RetFormer: Multimodal Retrieval for Enhancing Image Recognition
Abstract
The expansion of Transformers and the collection of high-quality multimodal datasets have propelled deep neural networks to achieve unprecedented performance in vision and language tasks. However, applying these advances is non-trivial in real-world applications. The extensive number of parameters complicates model updates, and real-world data often features a long-tailed distribution along with noisy labels. To address the above issues, we propose to explore the internal structure of the neural network for learning with sample relationships, rather than just increasing the number of model parameters.
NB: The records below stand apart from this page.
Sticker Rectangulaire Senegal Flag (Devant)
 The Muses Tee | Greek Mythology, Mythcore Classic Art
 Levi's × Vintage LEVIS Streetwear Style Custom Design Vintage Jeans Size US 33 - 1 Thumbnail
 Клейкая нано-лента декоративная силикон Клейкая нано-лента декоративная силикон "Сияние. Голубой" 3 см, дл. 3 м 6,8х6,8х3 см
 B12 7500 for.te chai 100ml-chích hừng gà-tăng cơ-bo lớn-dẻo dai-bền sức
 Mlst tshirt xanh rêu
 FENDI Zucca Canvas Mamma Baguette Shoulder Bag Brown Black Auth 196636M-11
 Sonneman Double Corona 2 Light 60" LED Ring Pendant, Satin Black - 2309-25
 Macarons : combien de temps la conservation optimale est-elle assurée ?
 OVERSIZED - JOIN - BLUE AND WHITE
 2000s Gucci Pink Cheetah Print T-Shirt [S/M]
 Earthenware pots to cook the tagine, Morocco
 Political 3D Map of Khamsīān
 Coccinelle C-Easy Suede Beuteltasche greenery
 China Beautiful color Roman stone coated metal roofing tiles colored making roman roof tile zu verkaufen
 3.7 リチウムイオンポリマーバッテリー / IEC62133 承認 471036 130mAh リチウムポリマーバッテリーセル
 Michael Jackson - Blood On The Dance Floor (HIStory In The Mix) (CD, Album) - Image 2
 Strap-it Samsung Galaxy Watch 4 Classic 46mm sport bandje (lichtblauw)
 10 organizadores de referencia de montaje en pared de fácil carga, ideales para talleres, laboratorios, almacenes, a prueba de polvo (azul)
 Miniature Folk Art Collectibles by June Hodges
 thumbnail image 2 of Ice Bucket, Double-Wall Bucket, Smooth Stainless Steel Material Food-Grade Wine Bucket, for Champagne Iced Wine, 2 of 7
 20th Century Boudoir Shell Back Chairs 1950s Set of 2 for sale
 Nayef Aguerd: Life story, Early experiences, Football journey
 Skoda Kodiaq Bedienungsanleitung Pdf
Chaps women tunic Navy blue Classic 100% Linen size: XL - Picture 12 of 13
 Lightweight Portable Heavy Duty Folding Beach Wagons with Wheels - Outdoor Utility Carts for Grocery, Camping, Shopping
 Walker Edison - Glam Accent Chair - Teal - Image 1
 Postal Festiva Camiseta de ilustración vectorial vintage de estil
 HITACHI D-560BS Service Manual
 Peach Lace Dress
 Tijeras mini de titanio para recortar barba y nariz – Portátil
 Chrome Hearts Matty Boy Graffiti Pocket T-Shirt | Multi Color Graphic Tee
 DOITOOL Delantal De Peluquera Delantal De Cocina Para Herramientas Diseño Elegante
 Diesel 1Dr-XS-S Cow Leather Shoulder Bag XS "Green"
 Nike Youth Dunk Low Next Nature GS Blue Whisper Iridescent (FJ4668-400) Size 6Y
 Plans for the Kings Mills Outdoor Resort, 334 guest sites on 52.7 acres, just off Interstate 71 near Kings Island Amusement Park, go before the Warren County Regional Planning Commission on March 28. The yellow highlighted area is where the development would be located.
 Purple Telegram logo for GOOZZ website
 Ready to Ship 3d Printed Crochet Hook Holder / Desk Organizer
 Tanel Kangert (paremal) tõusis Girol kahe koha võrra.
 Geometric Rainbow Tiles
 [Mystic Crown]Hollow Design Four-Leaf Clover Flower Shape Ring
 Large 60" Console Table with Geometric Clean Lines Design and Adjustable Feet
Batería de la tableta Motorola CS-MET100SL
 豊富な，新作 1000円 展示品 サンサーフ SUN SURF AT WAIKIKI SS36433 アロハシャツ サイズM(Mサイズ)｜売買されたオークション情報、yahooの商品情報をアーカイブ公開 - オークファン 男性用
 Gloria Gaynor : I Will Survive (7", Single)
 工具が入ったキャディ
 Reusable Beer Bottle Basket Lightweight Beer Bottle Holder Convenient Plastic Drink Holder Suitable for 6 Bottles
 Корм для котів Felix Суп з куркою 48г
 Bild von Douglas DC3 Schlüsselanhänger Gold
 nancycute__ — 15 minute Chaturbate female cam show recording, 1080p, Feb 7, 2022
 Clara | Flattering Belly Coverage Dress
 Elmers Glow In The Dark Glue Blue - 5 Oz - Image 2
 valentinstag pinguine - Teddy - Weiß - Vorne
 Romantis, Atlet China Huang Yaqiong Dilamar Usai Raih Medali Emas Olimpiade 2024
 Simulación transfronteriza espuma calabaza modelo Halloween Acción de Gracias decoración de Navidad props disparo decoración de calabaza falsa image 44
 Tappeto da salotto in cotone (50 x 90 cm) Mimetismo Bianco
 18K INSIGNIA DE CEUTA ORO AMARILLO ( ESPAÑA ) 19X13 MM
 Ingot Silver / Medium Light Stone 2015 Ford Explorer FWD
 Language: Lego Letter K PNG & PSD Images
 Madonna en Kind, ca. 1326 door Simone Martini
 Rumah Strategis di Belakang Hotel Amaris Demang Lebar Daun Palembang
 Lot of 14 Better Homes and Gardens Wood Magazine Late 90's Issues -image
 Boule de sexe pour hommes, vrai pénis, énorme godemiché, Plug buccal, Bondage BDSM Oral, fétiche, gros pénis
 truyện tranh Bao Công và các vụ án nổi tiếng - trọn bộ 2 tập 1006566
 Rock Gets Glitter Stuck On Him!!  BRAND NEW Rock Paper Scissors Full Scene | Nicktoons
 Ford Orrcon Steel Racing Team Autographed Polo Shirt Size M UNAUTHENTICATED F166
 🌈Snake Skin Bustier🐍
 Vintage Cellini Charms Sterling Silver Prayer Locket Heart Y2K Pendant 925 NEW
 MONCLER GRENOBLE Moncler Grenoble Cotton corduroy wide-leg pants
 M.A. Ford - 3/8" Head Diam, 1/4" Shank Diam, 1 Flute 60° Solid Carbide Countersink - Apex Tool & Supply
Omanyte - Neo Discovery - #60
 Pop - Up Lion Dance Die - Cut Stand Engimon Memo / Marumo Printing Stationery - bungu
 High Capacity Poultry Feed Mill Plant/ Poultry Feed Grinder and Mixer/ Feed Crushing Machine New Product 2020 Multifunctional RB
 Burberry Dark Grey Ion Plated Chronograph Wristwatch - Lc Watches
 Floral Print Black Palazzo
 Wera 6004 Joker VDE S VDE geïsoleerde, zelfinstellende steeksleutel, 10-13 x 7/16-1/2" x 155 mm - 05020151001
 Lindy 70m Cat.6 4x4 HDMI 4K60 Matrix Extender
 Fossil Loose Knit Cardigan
Specifically, we introduce RetFormer, a model enhanced with a multimodal knowledge base for storing world knowledge, and a retrieval cross-fusion module designed to establish robust multimodal sample relationships by leveraging content from the knowledge base. RetFormer establishes a robust relationship between image and text modalities by integrating information from external knowledge bases into the model's decision-making process, thus overcoming the limitations of traditional approaches on model size and datasets. Our experiments demonstrate the benefits of integrating large-scale image-text datasets into vision tasks and exemplify the importance of modeling the relationship between image and text modalities. We have evaluated our approach on the task of long-tailed recognition and learning with noisy labels and have shown that it achieves state-of-the-art accuracies.